Opinion: GM Shooting Itself in Foot By Killing Chevrolet Malibu


opinion gm shooting itself in foot by killing chevrolet malibu

The Chevrolet Malibu is dead.

Or, at least, it will be come November.

This despite the fact that the sedan was the third-best selling Chevrolet, behind only the Equinox and Silverado.

On the other hand, Q1 sales for the car were down 13 percent year-over-year. And I am sure some Malibus were being bought by fleets, not Joe and Jane down the street.

Either way, I think the fact that Chevrolet will not, at least for a while, have a sedan on offer is a bad decision.

I could understand if the Malibu was really slow-selling — it was no surprise when Subaru axed the Legacy, for example. But given that it was one of the better-selling Chevys, I am scratching my head a bit.

Sure, the current Malibu is a bit behind the competition — most car reviewers would place it behind the segment stalwarts from Honda and Toyota, and clearly most buyers have, too — but it is still affordable and fuel efficient.

opinion gm shooting itself in foot by killing chevrolet malibu

I know, I know, crossovers are king right now — but there is still demand for sedans. Yet GM seems content to let Honda, Toyota (which has a new Camry launching), and Hyundai/Kia compete for sedan buyers.

Ford and Stellantis have mostly exited the space, too. And to be fair to GM, you can still get a Cadillac in sedan form.

We’ve been told that OEMs are killing sedans because it’s cheaper to build crossovers, and since crossovers are in high demand, automakers can charge more for them.

That second part is true, and the first part definitely applies to body-on-frame SUVs. However, it’s not clear if unibody crossovers, many of which share platforms with current or currently dead sedans, are cheaper to build. Robby DeGraff, Manager, Product and Consumer Insights at AutoPacific, tells me that unibody crossovers may cost slightly more to build than cars, but not a lot.

The problem I have with the culling of sedans is the short-sightedness. Yes, crossovers are hot and yes they can make OEMs money. But even if sedans are no longer the dominant family car, some people still prefer them, for a variety of reasons. It may be improved fuel economy or ride and handling. Some folks don’t want to climb up into a taller vehicle. Some folks just would rather spend less money than a crossover might command.
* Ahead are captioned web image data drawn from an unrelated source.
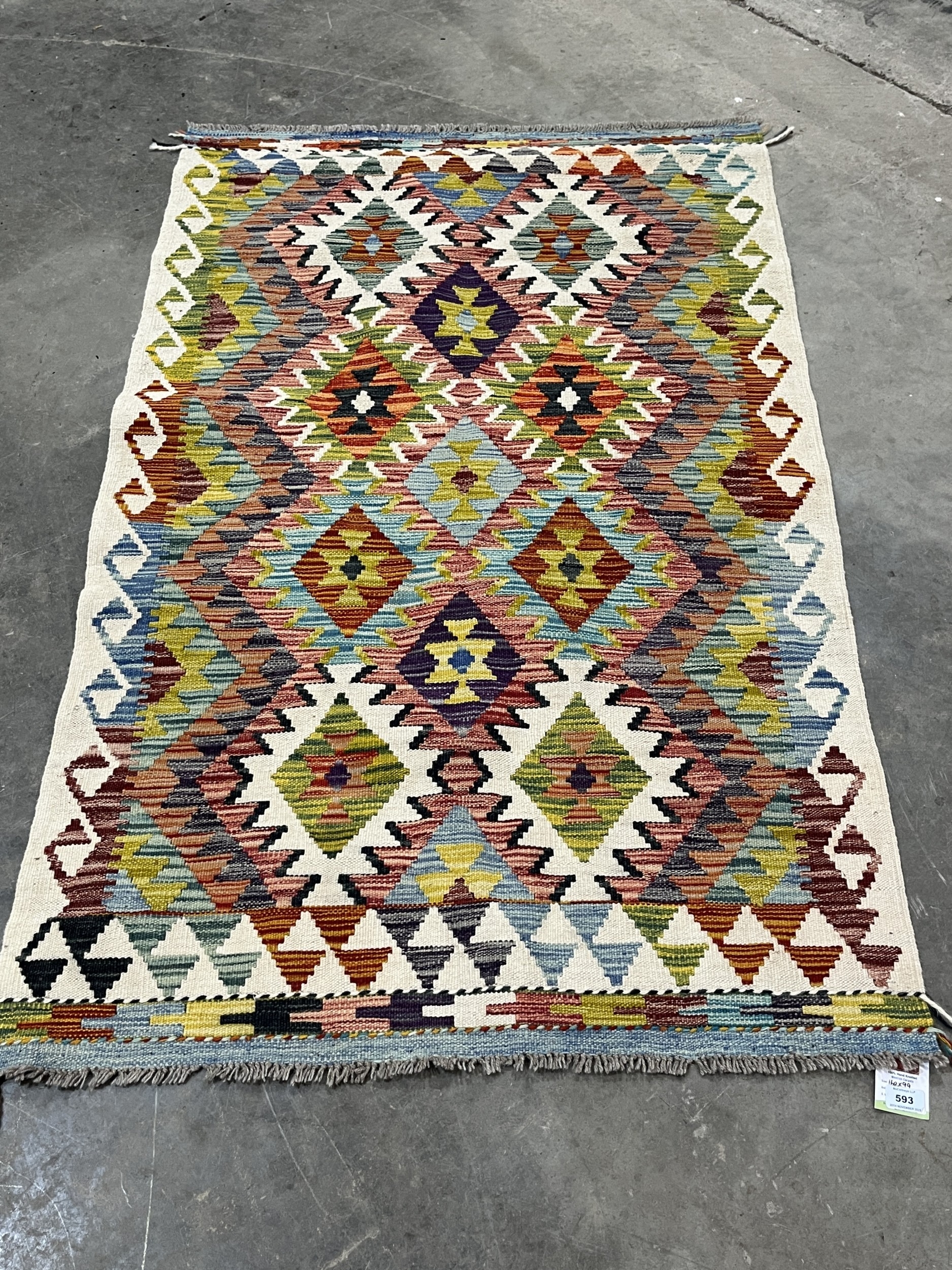 A Chobi Kilim rug. 1.6m x 0.99m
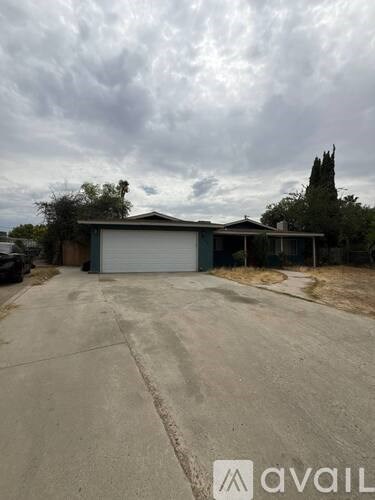 A grey house with a closed grey garage door in front of it.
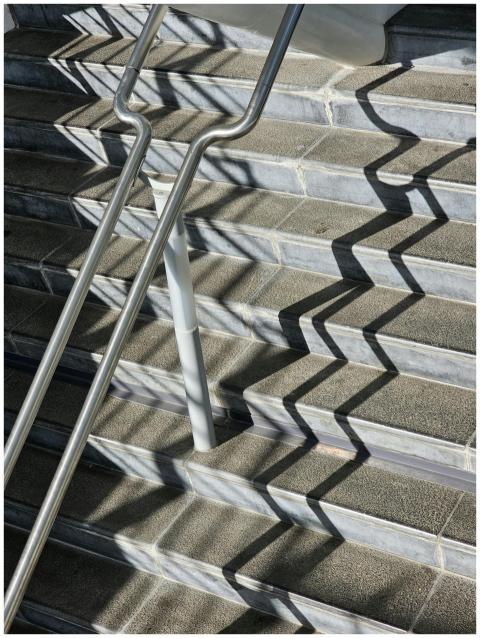 Modern staircase with intriguing shadow patterns i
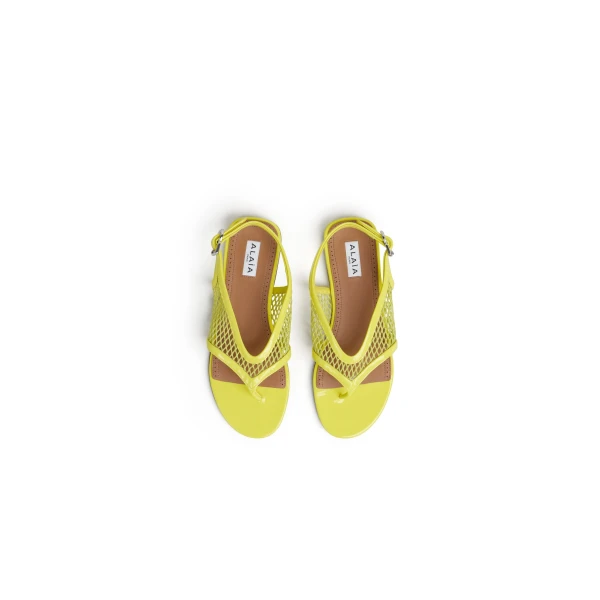 Alaia Fishnet Thong Sandals in Patent, Lemon Yellow | Sandals | Coveti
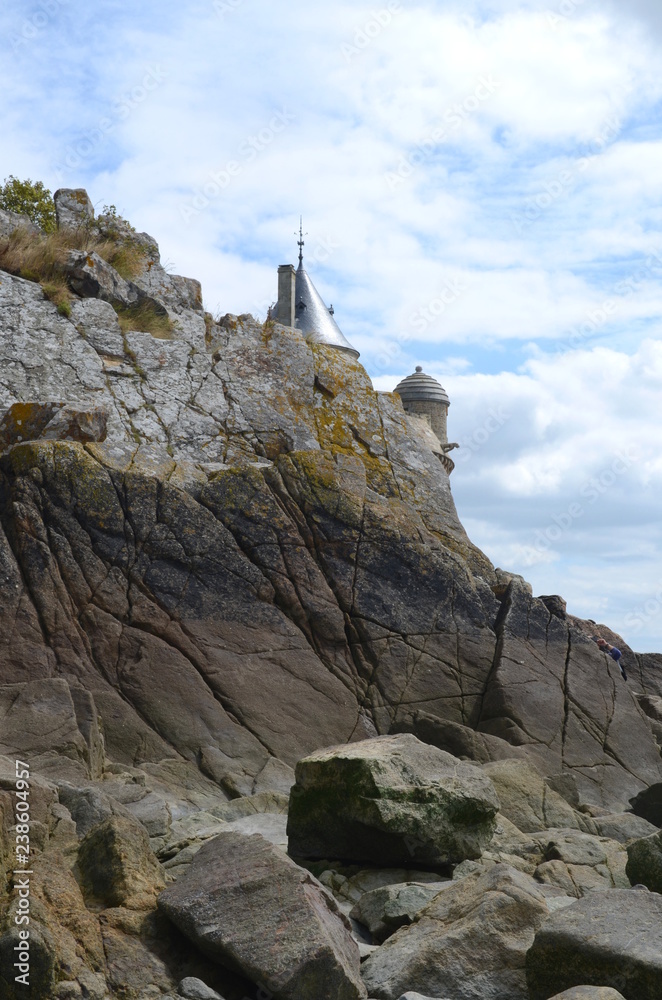 Fototapeta premium Rocks and top of a tower at Mont Saint Michel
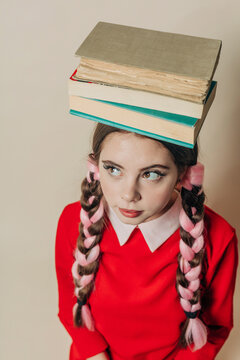 Woman balancing books on head near wall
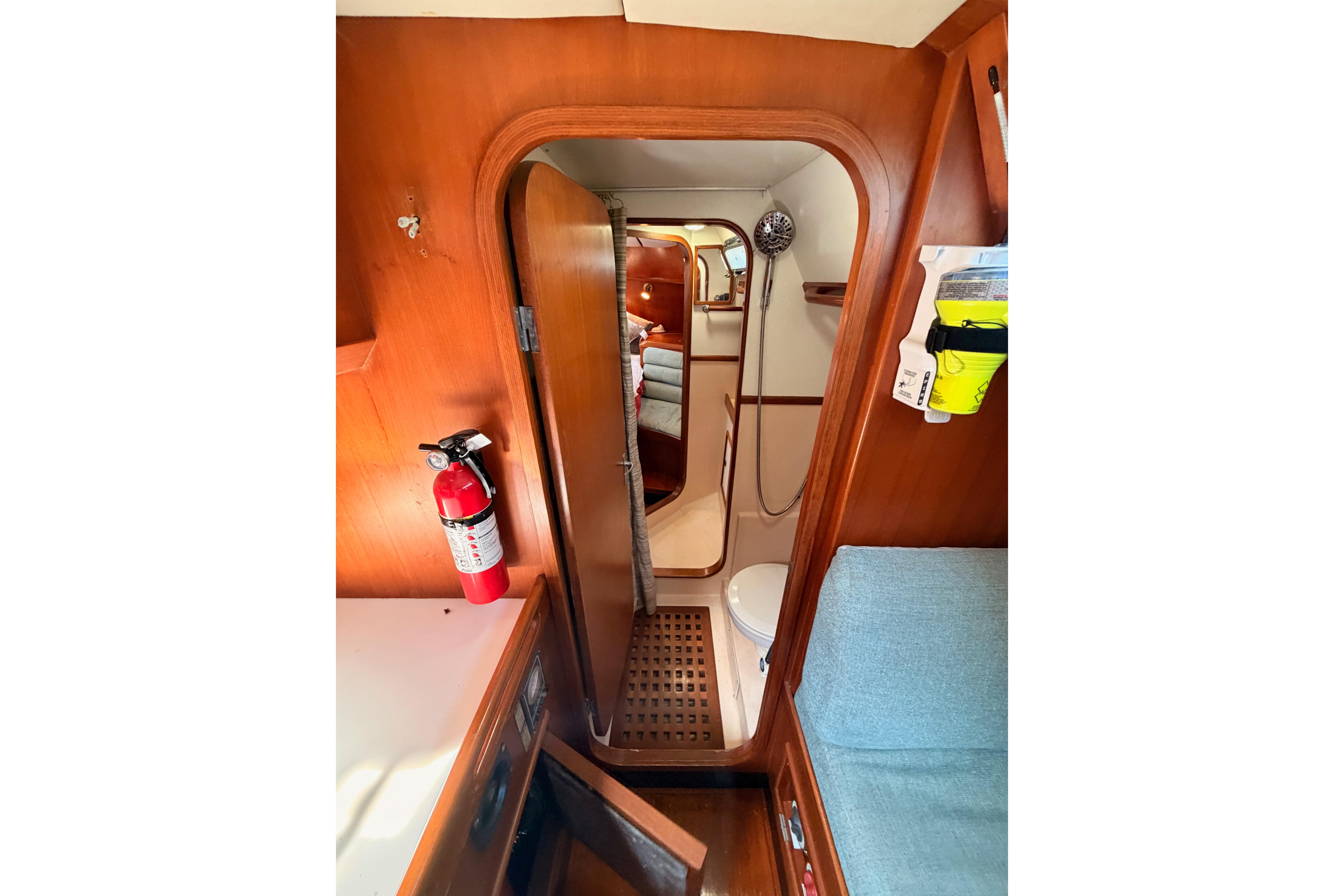Interior of 1991 Hylas 51 yacht, featuring wooden cabinetry, a fire extinguisher, and a compact bathroom.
So, why not keep an entry in the class? Especially at a reasonable price? Especially since sedans could be an entry into the brand family for someone who might later switch to a crossover?
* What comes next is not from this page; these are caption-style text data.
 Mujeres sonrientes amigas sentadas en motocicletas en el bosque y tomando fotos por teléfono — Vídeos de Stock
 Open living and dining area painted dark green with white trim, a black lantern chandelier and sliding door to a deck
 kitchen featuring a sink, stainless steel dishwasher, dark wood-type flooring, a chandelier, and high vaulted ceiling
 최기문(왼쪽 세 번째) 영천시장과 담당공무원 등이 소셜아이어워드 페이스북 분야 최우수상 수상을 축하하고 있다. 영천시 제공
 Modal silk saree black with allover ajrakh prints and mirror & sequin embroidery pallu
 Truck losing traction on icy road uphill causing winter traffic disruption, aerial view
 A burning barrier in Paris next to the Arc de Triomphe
Think of it this way — some Malibu buyers were probably young professionals buying their first new car. Some of those folks may have switched to, say, an Equinox when it came time to start a family.

So Chevrolet now cedes the sedan market to Honda and Toyota while also hoping the (admittedly very good) Trax crossover is the gateway to the brand. Seems silly to me.
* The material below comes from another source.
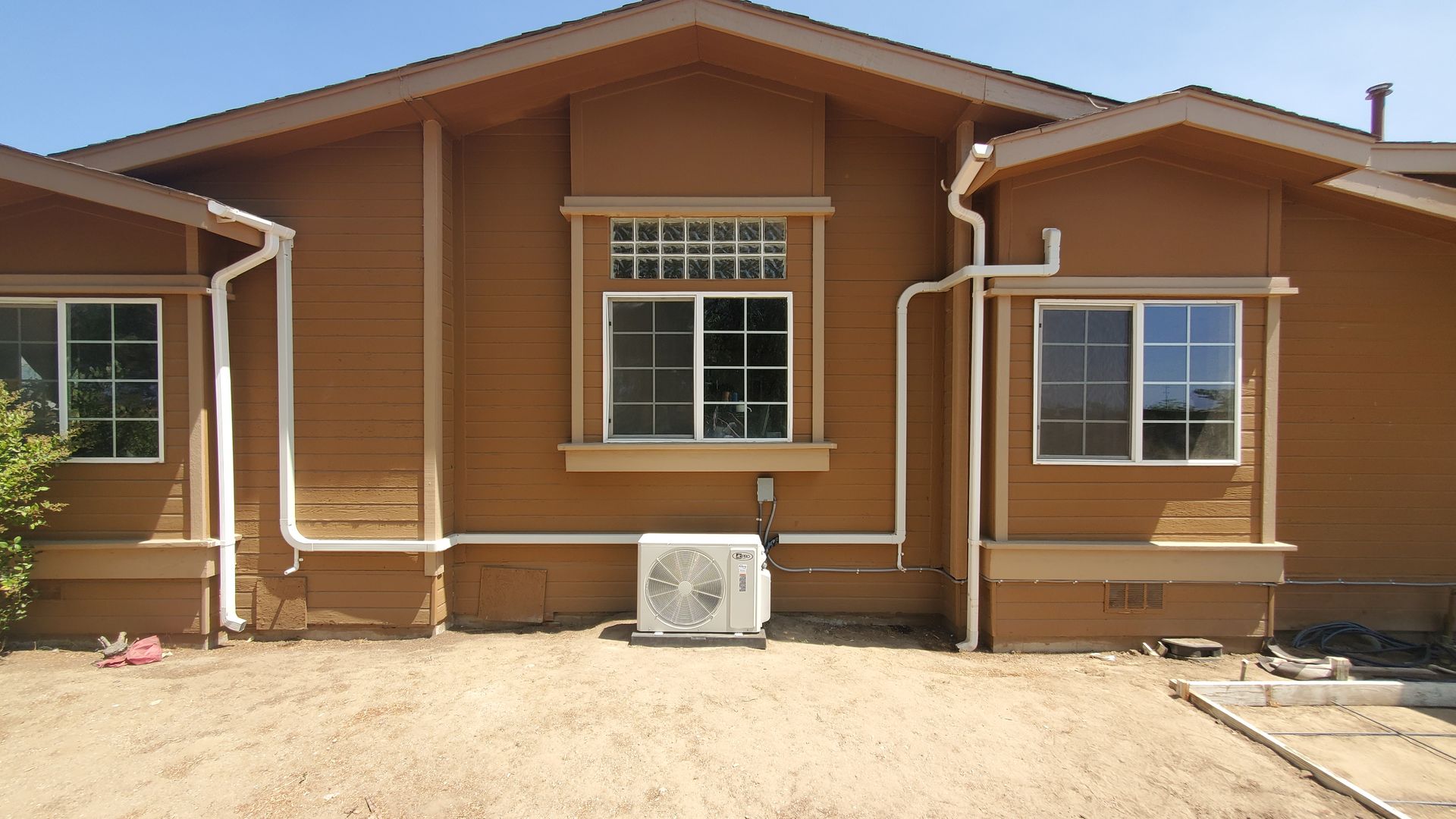 A house with a large air conditioner on the side of it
I understand that businesses want to turn a profit. I am not suggesting automakers continue to build slow-selling models just because some of us would prefer to drive those types of models. I understand that, with the exception of low-volume niche models (think performance cars), demand matters.

opinion gm shooting itself in foot by killing chevrolet malibu

What gets my goat is that it seemed like demand for the Malibu was strong enough to justify its continued existence — and I think overall sedan demand is still strong enough that most full-line automakers should probably have an entry or two available, despite minor sales slides in Q1 this year. I think those that those who don’t are harming their long-term health for short-term profit.

Maybe I am wrong. I am paid to give me (as informed as possible) opinion of the industry, and I am not paid by GM to sit in the kind of meetings that determine the fate of cars like the Malibu. Maybe GM has internal data that suggests Chevy will be just fine without the Malibu. Maybe I am wrong about the amount of demand for sedans exists among consumers.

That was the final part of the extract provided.